One of the newest sets of tax rules available to us is the inducements around opportunity zones, calling for us to re-invest our unrealized capital gains into projects that help local communities. The US Government has established certain areas of the US that it wants to improve, and has implemented tax incentives to investors to help out by financially stimulating those areas. By participating in opportunity zone investment opportunities, we can defer and sometimes eliminate taxes on capital gains.
What is an opportunity zone?
Also referred to as a qualified opportunity zone (QOZ), the Internal Revenue Service (IRS) defines it as an economically distressed community where new investments, under certain conditions, may be eligible for preferential tax treatment. Areas qualify as QOZs if they have been chosen for that designation by a state, the District of Columbia, or a U.S. territory and that nomination has been certified by the Secretary of the U.S. Treasury via his delegation of authority to the IRS.

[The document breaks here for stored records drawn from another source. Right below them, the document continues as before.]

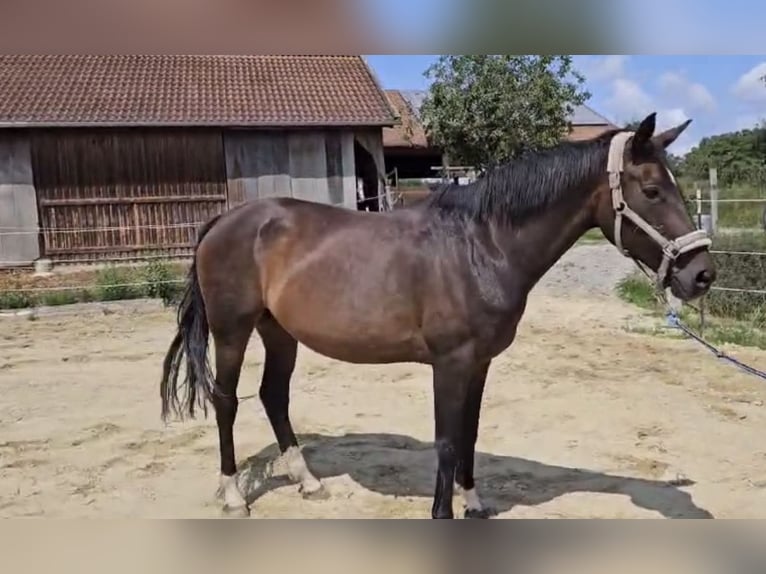 Koń oldenburski Klacz 18 lat 168 cm Ciemnogniada in Fridolfing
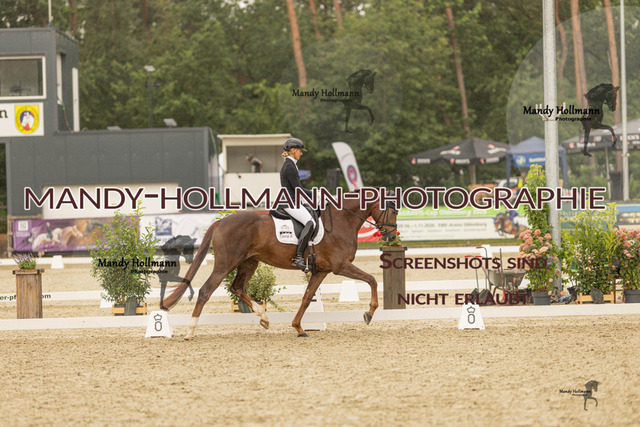 SW 4-757 | mandyhollmannphotographie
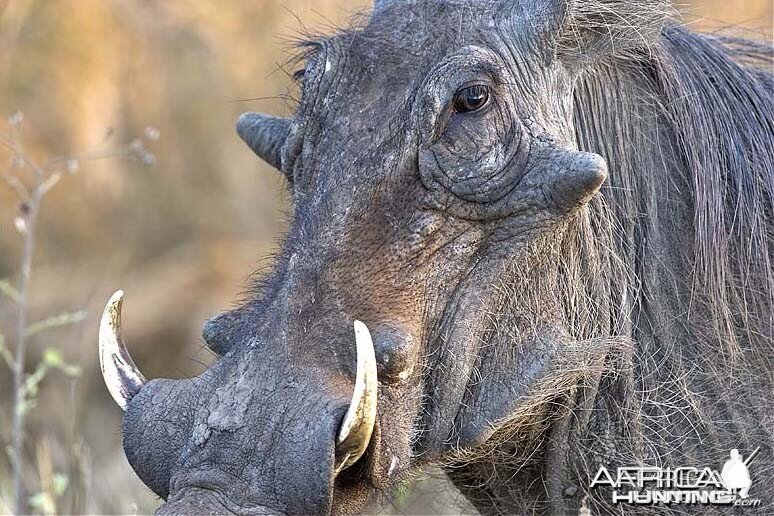 Warthog at Kruger National Park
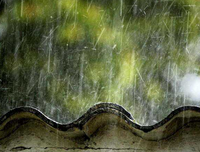 《下雨了》的句子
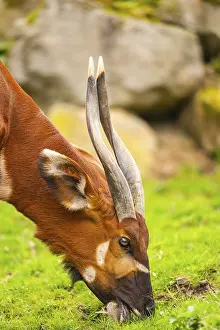 Antelope Species Prints: Bongo (Tragelaphus eurycerus) on a meadow in spring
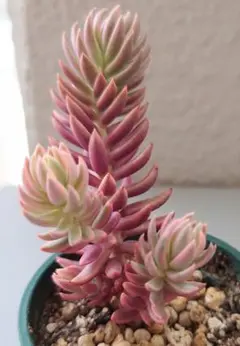 meguhachi様 リクエスト 2点 まとめ商品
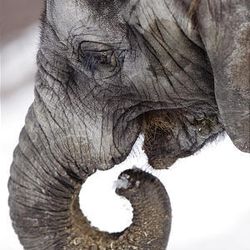 A baby elephant is seen at Hogle Zoo in Salt Lake City on Feb. 2.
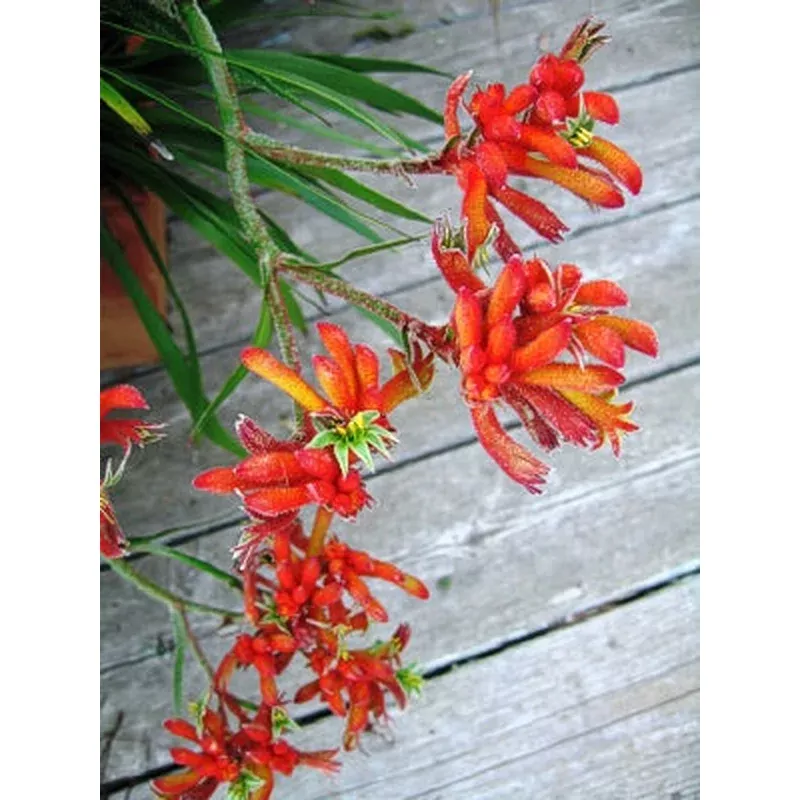 Anigozanthos ‘Big Roo Orange’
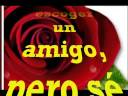 quispe020(paloma)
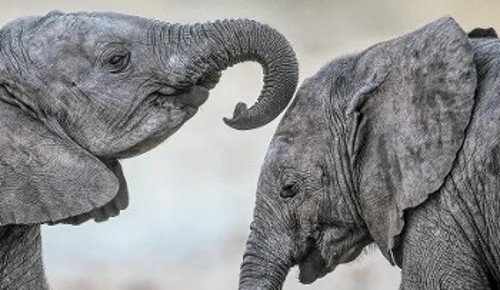 Τα ελεφαντάκια δείχνουν τη διάθεσή τους να παίξουν βάζοντας την προβοσκίδα τους πάνω από το κεφάλι του συνομιλήκου τους. Αυτή η πράξη στους μεγάλους ελέφαντες σημαίνει ιεραρχική υπερίσχυση του ελέφαντα που κάνει την κίνηση με την προβοσκίδα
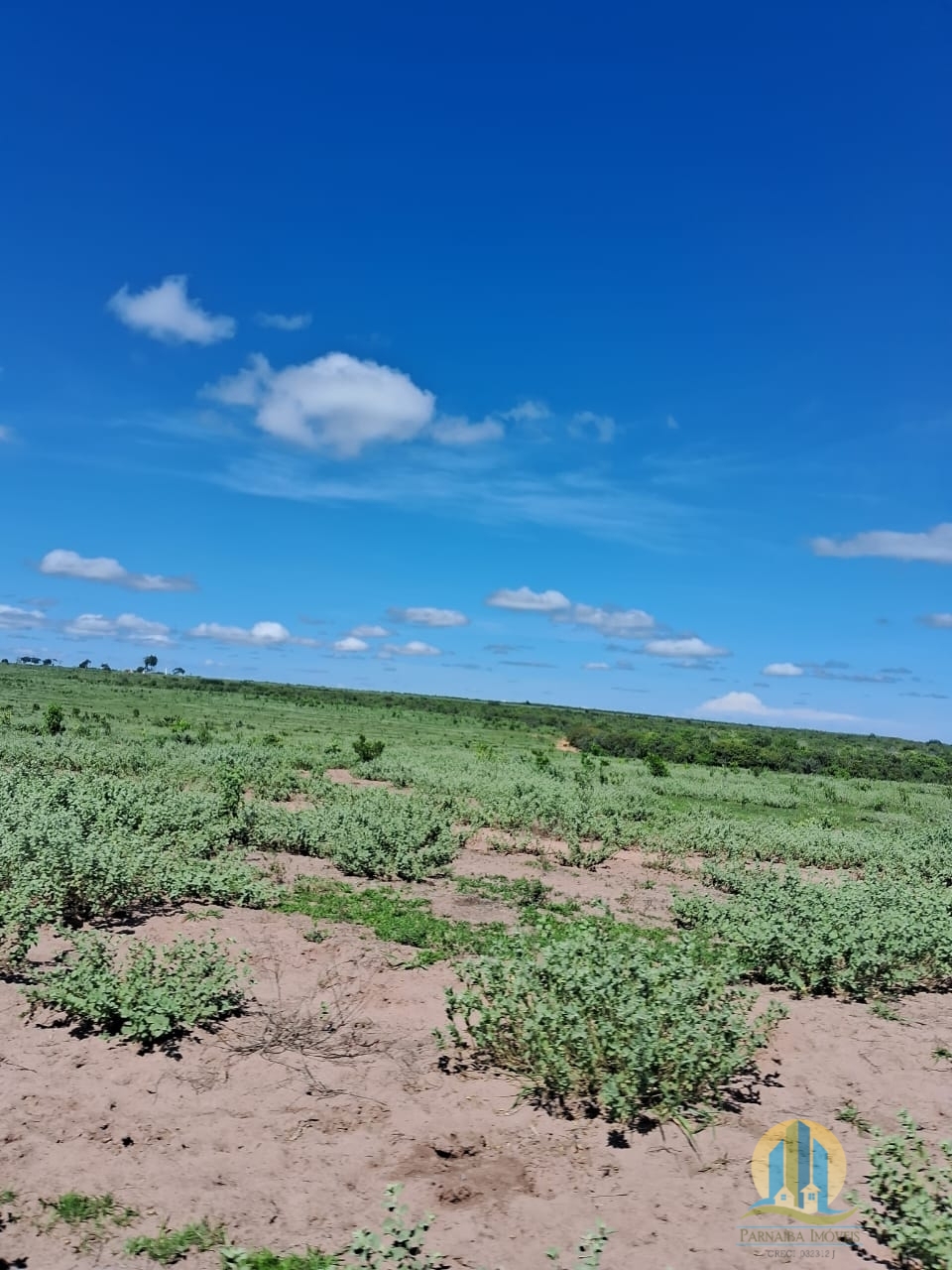 Fazenda em Cáceres/Mato Grosso — Ref F86TZR — Imagem 15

Opportunity zones are designed to spur economic development and job creation in distressed neighborhoods by providing tax incentives for investors who invest new capital in businesses operating in one or more QOZs. Some of this capital can be the proceeds from a non-opportunity zone investment as long as it is reinvested into a qualified opportunity zone or fund, but only during the 180-day period beginning on the date of the sale of non-qualified investment. There are certain rules around this, so check with the IRS or your professional tax or financial planner.
Opportunity zones were created under the Tax Cuts and Jobs Act of 2017, and the program lasts through 2026. The first set of opportunity zone selections, covering parts of 18 states, were designated on April 9, 2018. Thousands of low-income communities in all 50 states, the District of Columbia and five U.S. territories are designated as qualified opportunity zones. You can invest in these zones through qualified opportunity funds.
What’s in it for investors?
First, an investor can defer tax on any prior eligible gain to the extent that a corresponding amount is timely invested in a qualified opportunity fund (QOF). A QOF is an investment fund that files either a partnership or corporate federal income tax return and is organized for the purpose of investing in QOZ property. It is very common for multifamily real estate to be included in a qualified opportunity zone.
The deferral lasts until the earlier of the date on which the investment in the QOF is sold or exchanged, or December 31, 2026. If the QOF investment is held for at least 5 years, there is a 10% exclusion of the deferred gain. If held for at least 7 years, the 10% exclusion becomes 15%. Additionally, the amount of eligible gain to include is decreased to the extent that the amount of eligible gain you deferred exceeds the fair market value of the investment in the QOF.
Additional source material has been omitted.